L'Observatoire libyen des droits de l'homme a qualifié la décision du CGN, rendant impossible tout recours devant la justice, de "précédent dans la confiscation des droits des citoyens".
 
"La protection des droits de l'homme impose la reconnaissance du droit de réclamer justice pour tous les individus devant les juridictions civiles, pénales et administratives", a indiqué l'ONG dans un communiqué publié vendredi par l'agence de presse libyenne Lana.
 
"Ce qu'on appelle l'immunisation (l'impossibilité d'engager un recours devant la justice, ndlr) de la loi de l'exclusion politique n'est rien d'autre que l'imposition d'intérêts politiques partisans", a ajouté le communiqué, considérant qu'il s'agit "d'un crime contre l'humanité".
 
En janvier, des débats houleux provoqués par ce projet avaient déjà favorisé un climat de tension dans le pays.
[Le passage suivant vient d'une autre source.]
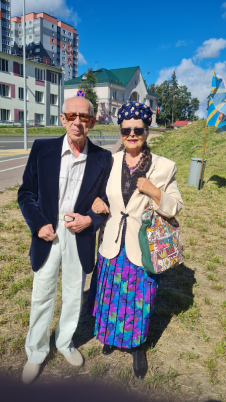 Миссия Человека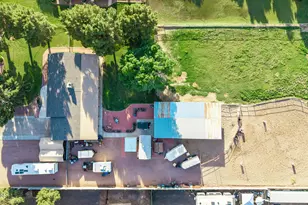 18942 E VÃ­a De Arboles --, Queen Creek, AZ 85142 - Photo 5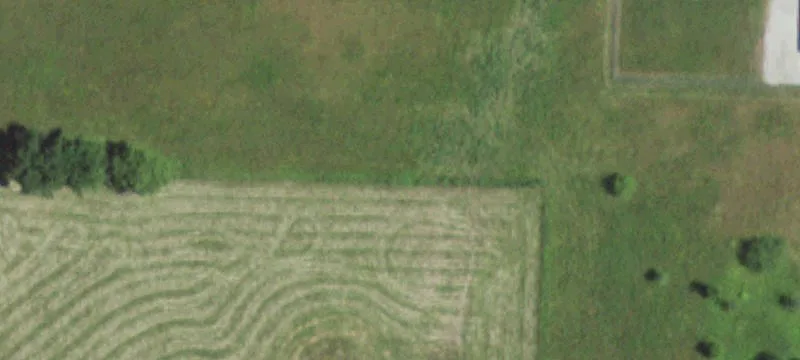 1850 Rd Rd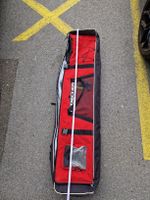 Snowboardtasche inkl.Snowboard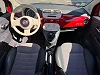 Fiat 500 LOUNGE 1.2 MPi 69 cv *PREMIERE MAIN* thumbnail
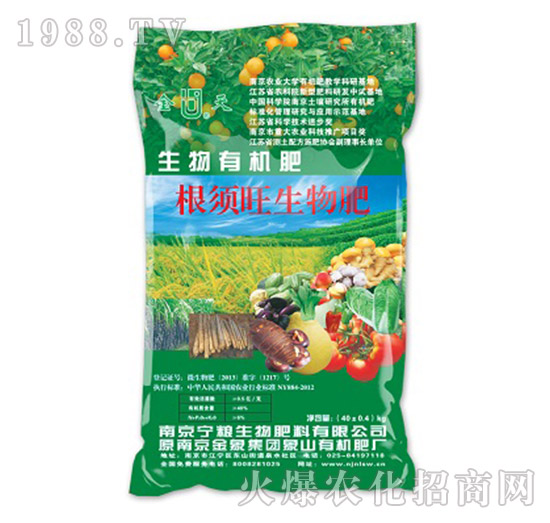 �����ЙC(j��)��-���Z����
Mais, en dépit de ces risques, le CGN s'est dit déterminé à faire aboutir ce projet de loi.
 
"La loi sera approuvée à la majorité de cent voix plus une, sur les 200 membres de l'assemblée, alors que son approbation requérait une majorité de 120 voix", a indiqué le porte-parole du CGN, Omar Hmeidan.
 
Selon lui, l'Assemblée a surmonté un autre obstacle dans la Déclaration constitutionnelle selon laquelle "les Libyens sont égaux devant la loi dans la jouissance des droits civils et politiques", en introduisant un nouvel article "autorisant l'exclusion temporaire de certains Libyens de l'action politique".
 
"L'immunisation de la loi de l'exclusion politique constitue une première étape pour réussir une loi fondée sur des critères objectifs, équitables et impartiaux", a déclaré Sami al-Saadi, un ex-détenu politique et un des chefs du Groupe islamique combattant en Libye (GICL).
 
"C'est une mesure de précaution temporaire pour assurer la construction d'une nouvelle Libye dépourvue de la corruption et du désordre, vestige de l'ancien système", a-t-il indiqué à l'AFP.
 
M. Saadi a dit "être conscient que la loi pourrait concerner des patriotes honnêtes" mais il est "inévitable de l'accepter afin de ne pas ouvrir la voie à des exceptions pouvant faire avorter la loi, au motif qu'elle est taillée sur mesure contre un courant ou parti politique au détriment d'un autre".
 
Les détracteurs de la loi estiment qu'elle a été faite "sur mesure" pour écarter Mahmoud Jibril, le chef de l'Alliance des forces nationales (de tendance libérale) qui a gagné les élections législatives de juillet 2012 devant les islamistes.
 
Le mufti de Libye, Cheikh Sadok Gharyani, a appelé les citoyens à manifester par milliers pour soutenir l'adoption de cette loi.
 
Le Conseil national de transition (CNT), ex-bras politique des rebelles libyens, avait institué une Haute commission de l'intégrité et du patriotisme, organisme public chargé des dossiers des responsables ou candidats à des postes de responsabilité dans l'administration pour déterminer s'ils ont servi l'ex-régime.
 
La Commission a jusqu'à présent exclu 350 personnalités dont certaines ont émis et gagné des recours devant les tribunaux administratifs.